The show was nothing special. Bob Dylan excels at writing, is ok in the studio, and blah on stage. Georgia Governor Jimmy Carter was at the show, and was said to look bored. Mr. Dylan was invited to the Governor’s mansion after the show, and talked to the Governor. A lot of people in Georgia were surprised that Jimmy would want to run for President.
As the Seventies went me me meing into sex and drugs oblivion, Bob Dylan regained both his writing touch, and love of the spotlight. The Rolling Thunder tour happened, he got back together with Joan Baez, divorced his wife, became born again, became more Jewish, counted money, and generally lived the life.
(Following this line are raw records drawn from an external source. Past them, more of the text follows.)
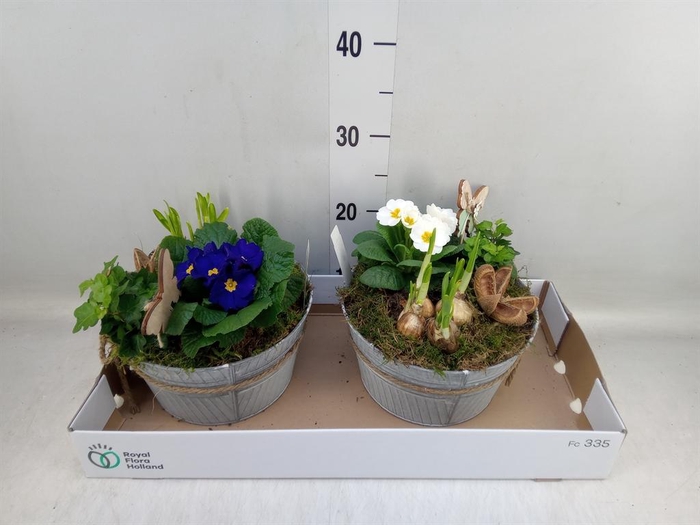 <h4>Arr.   Tuinplanten L%</h4>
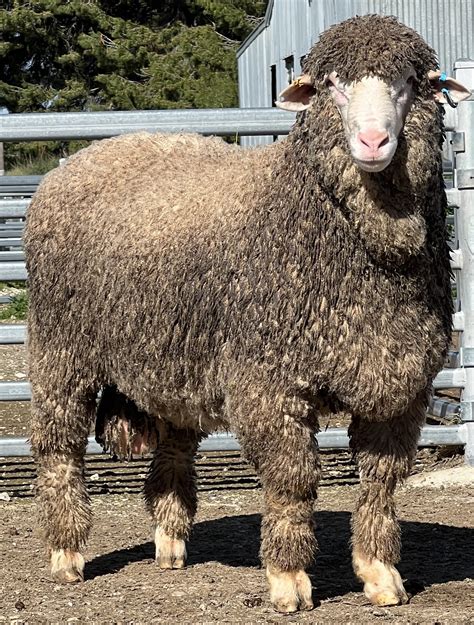 Ridgway Advance Poll Merino Stud - Stud Calendar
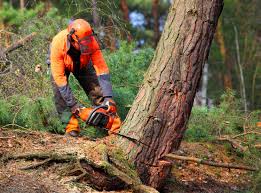 Best Hazardous Tree Removal  in Franklin, NJ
PG did his own version of all that, without Joan Baez or being circumcised again.

In the winter of 1991, America was consumed by war fever. Saddam Hussein had been elevated to next Hitler status, and had to be taught a lesson. One night, Bob Dylan played on a music awards show, and performed “Masters of War”. He played a discordant version of that ditty, with the result that few understood what he had said. By this time, Mr. Dylan had assembled a band, and gone out on the “Never Ending Tour”. A Bob Dylan concert had gone from being a special event, to being another name on the festival roster. Overexposure will do that.
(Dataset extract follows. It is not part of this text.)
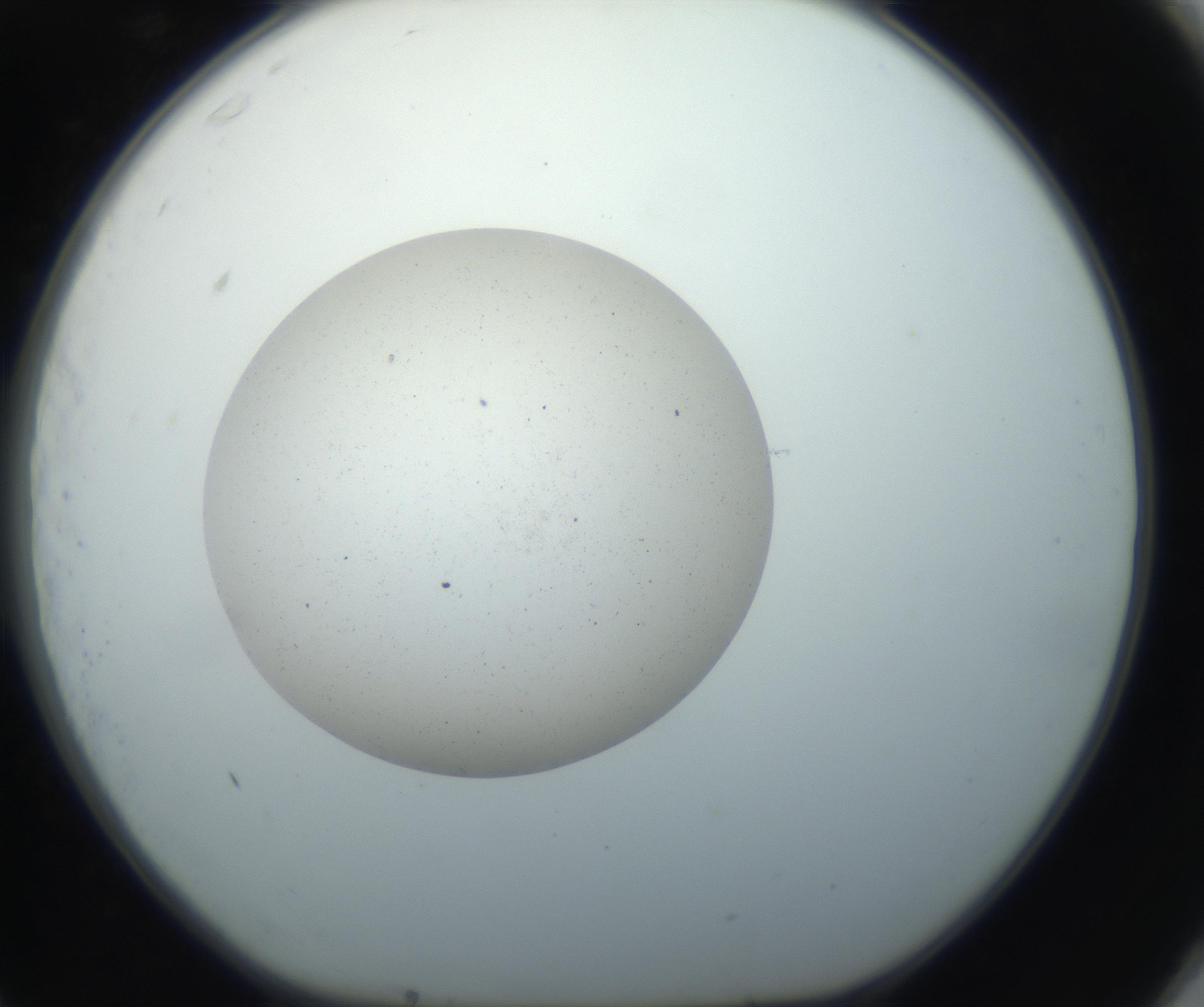 RI01_03_000_0212_Proj1_Clon1_MC_0000MC102733_003_160921_11_07_01_00_99_002_001_RAI.jpg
On the last night of the Olympics in 1996, Bob Dylan played the House of Blues downtown. PG won a pair of the $80 tickets in a radio station contest. It was his only trip downtown during the games, and had to wait in a security line to get into Centennial Olympic Park.

The only celebrity, other than Mr. Dylan, seen at the House of Blues that night was Bill Walton. The band was competent…they impressed PG as being like a bar band that did a lot of Dylan songs, with a strangely authentic lead vocalist. The sound in the room was not good, at least in the spot where PG stood. The only song he recognized was “All along the Watchtower”, the Jimi Hendrix classic. Mr. Dylan got a cheer when he put his harmonica appliance on.
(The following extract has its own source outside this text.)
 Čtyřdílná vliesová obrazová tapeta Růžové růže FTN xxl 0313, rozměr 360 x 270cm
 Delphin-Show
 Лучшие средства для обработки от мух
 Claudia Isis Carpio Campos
The aptly named dangerousminds has a link to a story about the recording of Blonde on Blonde, by Bob Dylan. It only happened once.

Bob Dylan was 24 years old, newly married, and had “sold out” i.e. started to play electric guitar. A bunch of Canadians known as The Hawks (later The Band) was touring with him. Barely a month after the release of “Highway 61 Revisited”, sessions started at a New York studio.

The New York sessions did not work, so a decision was made to go to Nashville. Al Kooper played organ, and served as a music director. A crew of Nashville players was recruited. A bass player named Joseph Souter, Jr. would become famous a few years later using the name Joe South. Kris Kristofferson was the janitor at the studio.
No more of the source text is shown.